• Your task
All that should come back is the lines of the data below from the one containing "Initial Letter Logo with ampersand Vector QC" to the one containing "po x l 16 po", inclusive, exactly as they stand.
----- Data
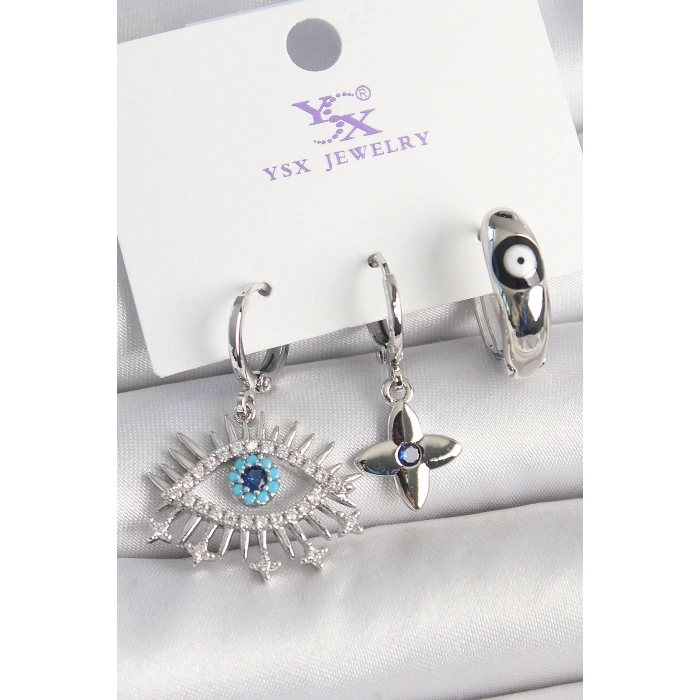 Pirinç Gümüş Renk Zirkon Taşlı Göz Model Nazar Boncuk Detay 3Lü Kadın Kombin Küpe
----------
----- Data
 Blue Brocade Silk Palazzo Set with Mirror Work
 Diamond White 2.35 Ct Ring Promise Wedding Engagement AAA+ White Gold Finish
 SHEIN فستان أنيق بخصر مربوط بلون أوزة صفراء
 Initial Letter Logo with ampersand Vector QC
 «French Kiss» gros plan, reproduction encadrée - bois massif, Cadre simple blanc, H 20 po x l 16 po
----------
• Exercise response
 Initial Letter Logo with ampersand Vector QC
 «French Kiss» gros plan, reproduction encadrée - bois massif, Cadre simple blanc, H 20 po x l 16 po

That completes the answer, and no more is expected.